Declaration of Independence

We hold these truths to be self-evident, that all men are created equal, that they are endowed by their Creator with certain unalienable Rights, that among these are Life, Liberty and the pursuit of Happiness. - That to secure these rights, Governments are instituted among Men, deriving their just powers from the consent of the governed.

Monday, September 24, 2012

William Blount


                    William Blount, the American statesman and signer of the United States Constitution, was born on March 26, 1749, in Windsor, Bertie County, North Carolina; he was born into a prominent North Carolina family of distinguished merchants and planters.  The family owned extensive property along the banks of the Pamlico River

                    Blount married Mary Grainger, and the couple had one son named William Grainger Blount (1784-1827; Tennessee state representative and U.S. Representative from Tennessee, 1815-1819).  Blount had one brother named Thomas (1759-1812; Revolutionary War veteran and U.S. Representative from North Carolina, 1793-1799, 1805-1809, and 1811-1812) and a half-brother named Willie (1767-1835; Governor of Tennessee 1809-1815).

                    William Blount served as a paymaster during the American Revolutionary War.  When North Carolina faced British invasion, Blount helped organize citizen-soldiers and went into the field with them.  He was elected to the North Carolina legislature in 1781 where he served for most of the decade except while he represented North Carolina at the Constitutional Convention of 1782 and 1787.  He led the efforts to ratify the Constitution in North Carolina in 1789. 

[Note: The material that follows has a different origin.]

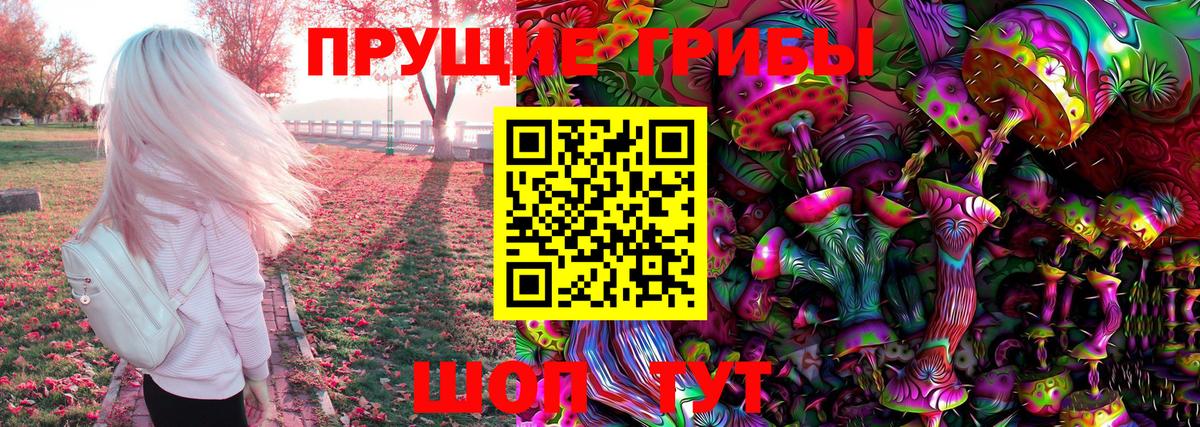 Псилоцибиновые грибы GOLDEN TEACHER Новоалтайск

                    Blount is distinguished as being the only governor of the Southwest Territory and was a leader in efforts to help the territory be admitted to the Union as the State of Tennessee.  He was elected to be a Senator from Tennessee in 1796.  He was behind the push to open the lands west of the Appalachians to settlement.  As governor of the Southwest Territory negotiated the Treaty of Holston in 1791; this treaty brought thousands of acres of Indian lands under the control of the United States.

                    Blount was an "aggressive land speculator" and acquired millions of acres in Tennessee and the trans-Appalachian west.  He made "risky land investments" that left him in debt and led to some bad decisions.  In the 1790s he entered a conspiracy with England to seize the Louisiana Territory from Spain with the hope that the prices of western land would be boosted.  The conspiracy was discovered in 1797, and Blount was expelled from the U.S. Senate.  In fact, he became "the first U.S. public official to face impeachment."  The people of Tennessee still liked him and elected him to the state senate where he became speaker.

                    William Blount died at age 50 on March 21, 1800, in Knoxville, Tennessee, and was buried in First Presbyterian Church Cemetery in Knoxville.  He and his family have an extensive legacy of schools, streets, towns, and counties being named after them.  The town of Blountville and Blount County, both in Tennessee, were named after William.  The town of Maryville and the county of Grainger, both in Tennessee, were named after his wife, Mary Grainger Blount.  They both had schools named after them:  William Blount High School, William Blount Middle School, and Mary Blount Elementary SchoolBlount Street in Madison, Wisconsin, was named in his honor as was a street through the center of downtown Raleigh, North CarolinaBlount County, Alabama, was named after William's half-brother Willie Blount, who was governor of Tennessee.